Вы спрашиваете, – зачем я хотел умереть? Я жил один, в гостинице, – привязалась мысль о смерти. Страх смерти мне был неприятен… Кроме того, здесь была одна девушка…»

Гостиницу, одиночество, страх смерти мемуарист, думается, присочинил, памятуя о поздних повестях своего прославленного однофамильца. Остальное отчасти похоже на правду.
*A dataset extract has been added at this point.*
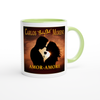 Amor-Amore - Ceramic Mug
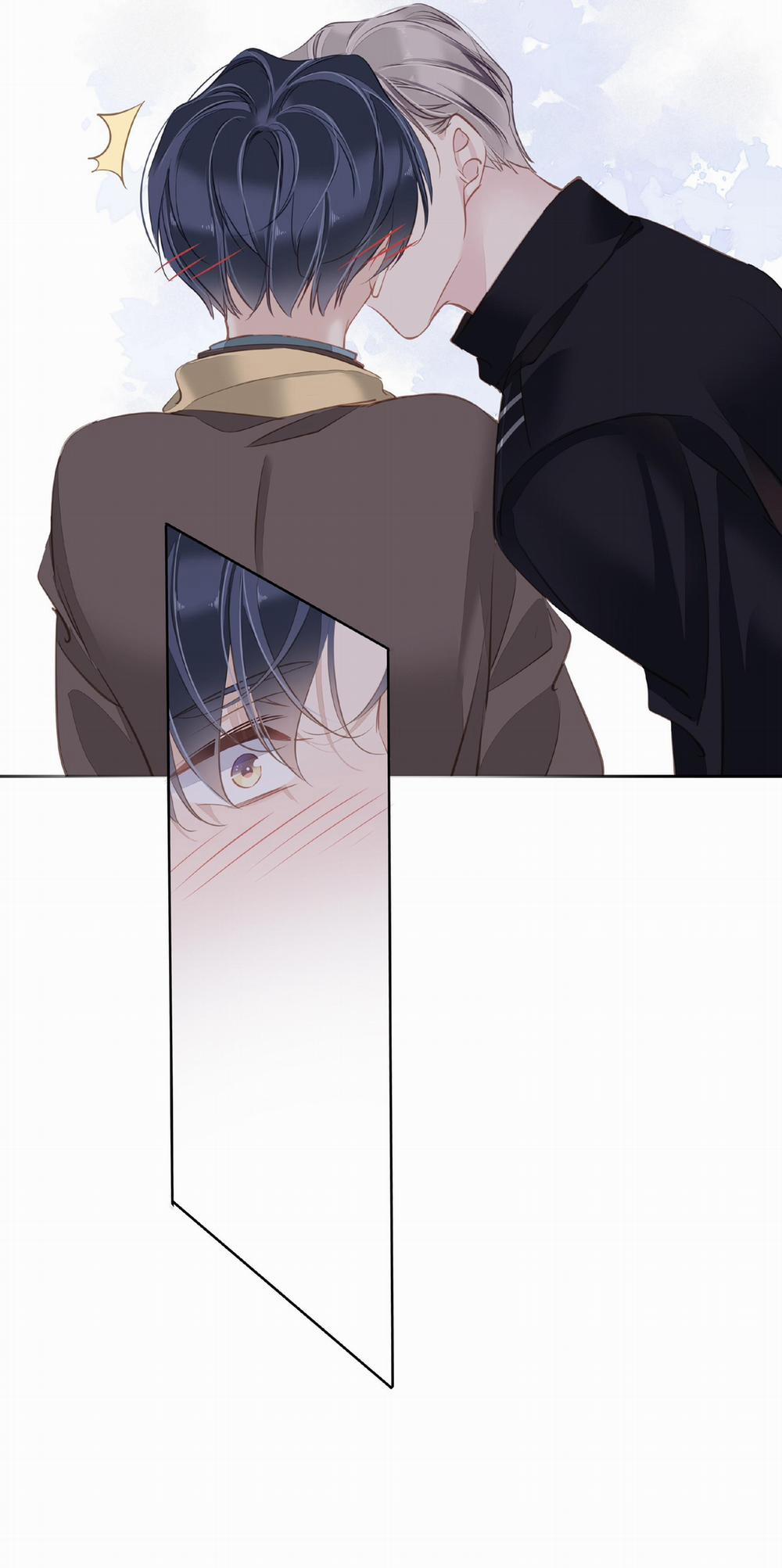 MỐI LIÊN HÔN KHÁC LOÀI 44 trang 40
Выразителен и нарисованный всего в нескольких строках портрет Гумилева: «Он, как всегда, сидел прямо – длинный, деревянный, с большим носом, с надвинутым на глаза котелком. Длинные пальцы его рук лежали на набалдашнике трости. В нем было что-то павлинье: напыщенность, важность, неповоротливость. Только рот у него был совсем мальчишеский, с нежной и ласковой улыбкой».

А.Н. Толстому, в принципе, можно верить. От простого знакомства – в письме к В.Я. Брюсову обрисован этот новый знакомый крайне иронически: пишет стихи год, а то и без году неделя, но считает себя мэтром, стихи, между тем, ниже всяких оценок – отношения постепенно переходят к дружбе или хорошему товариществу, а потому в письме к тому же адресату Гумилев сообщает: «Скоро наверное в Москву приедет поэт гр. Толстой, о котором я Вам писал. За последнее время мы с ним сошлись, несмотря на разницу наших взглядов, и его последние стихи мне очень нравятся».